■ TASK OBJECTIVE
Repeat the listing exactly. Do not carry over any pictures.

START DATA EXTRACT

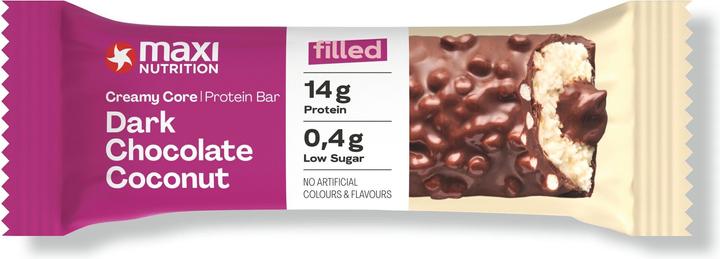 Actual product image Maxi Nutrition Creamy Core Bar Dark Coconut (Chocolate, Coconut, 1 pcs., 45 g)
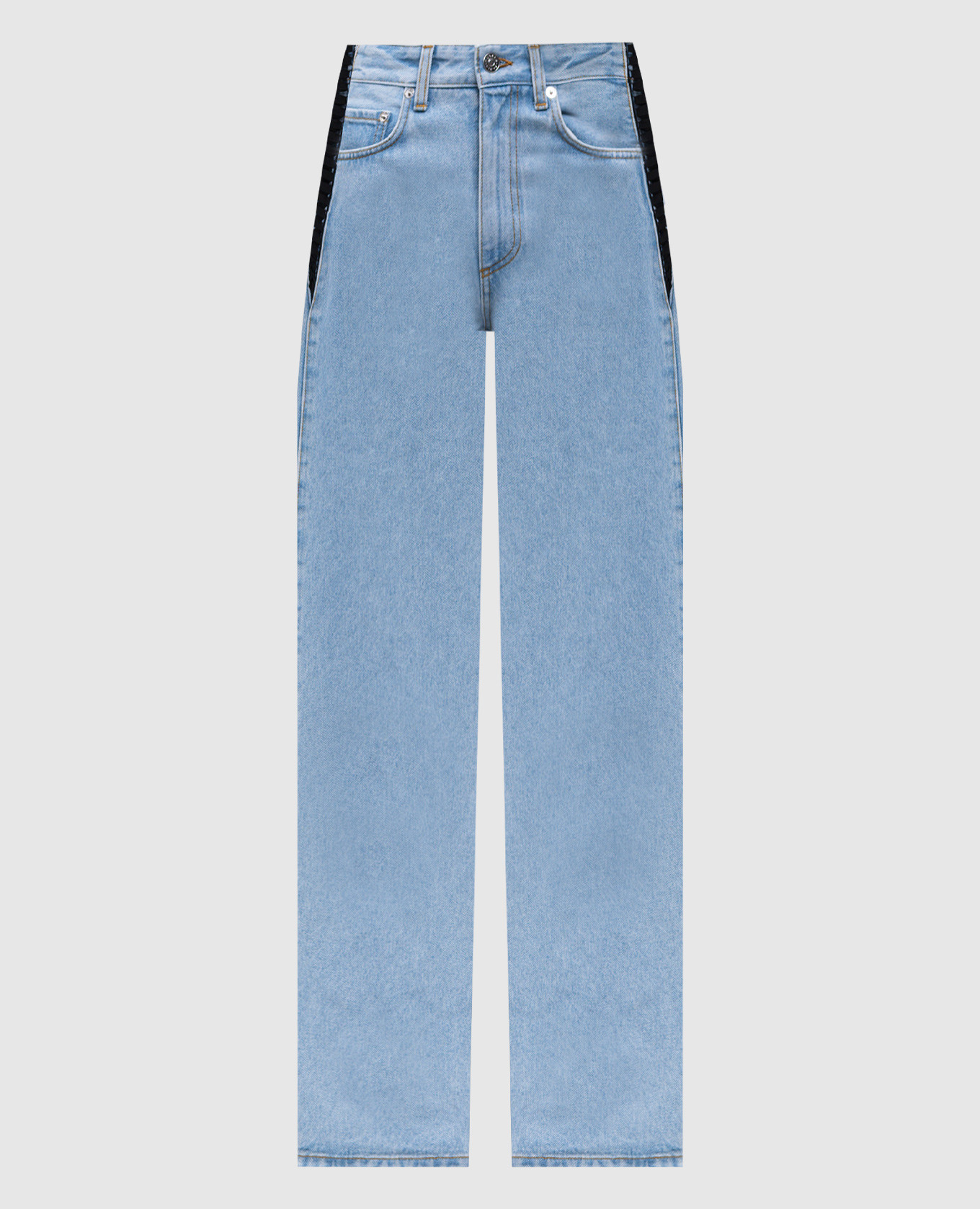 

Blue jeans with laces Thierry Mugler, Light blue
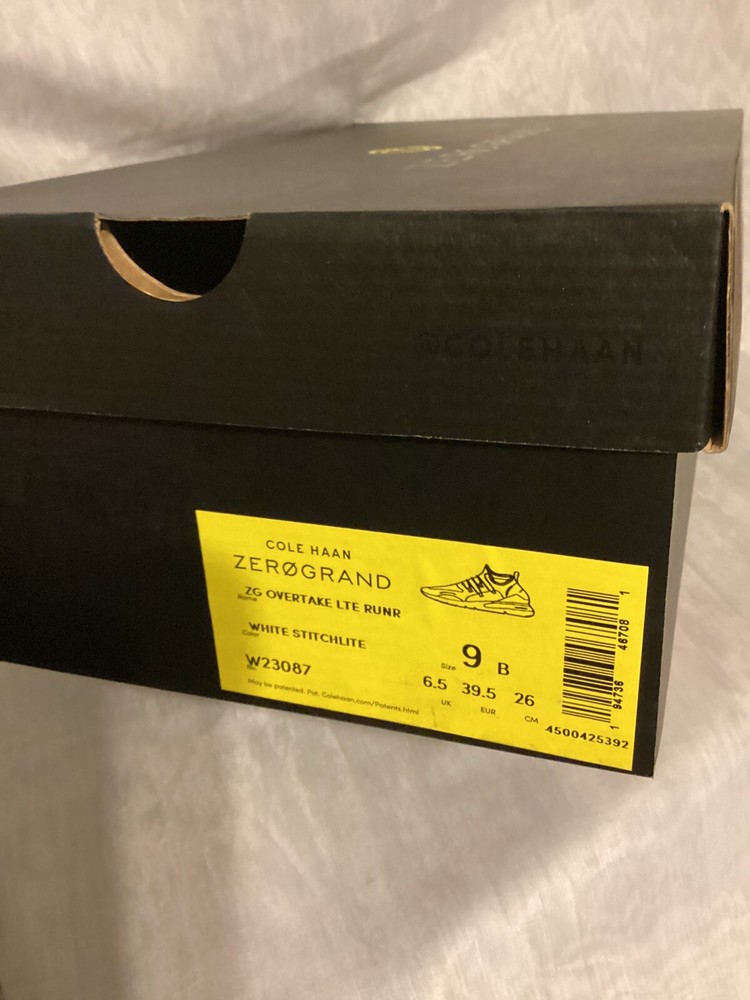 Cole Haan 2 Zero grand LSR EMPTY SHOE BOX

END DATA EXTRACT

■ RESPONSE
 Actual product image Maxi Nutrition Creamy Core Bar Dark Coconut (Chocolate, Coconut, 1 pcs., 45 g)

Blue jeans with laces Thierry Mugler, Light blue
 Cole Haan 2 Zero grand LSR EMPTY SHOE BOX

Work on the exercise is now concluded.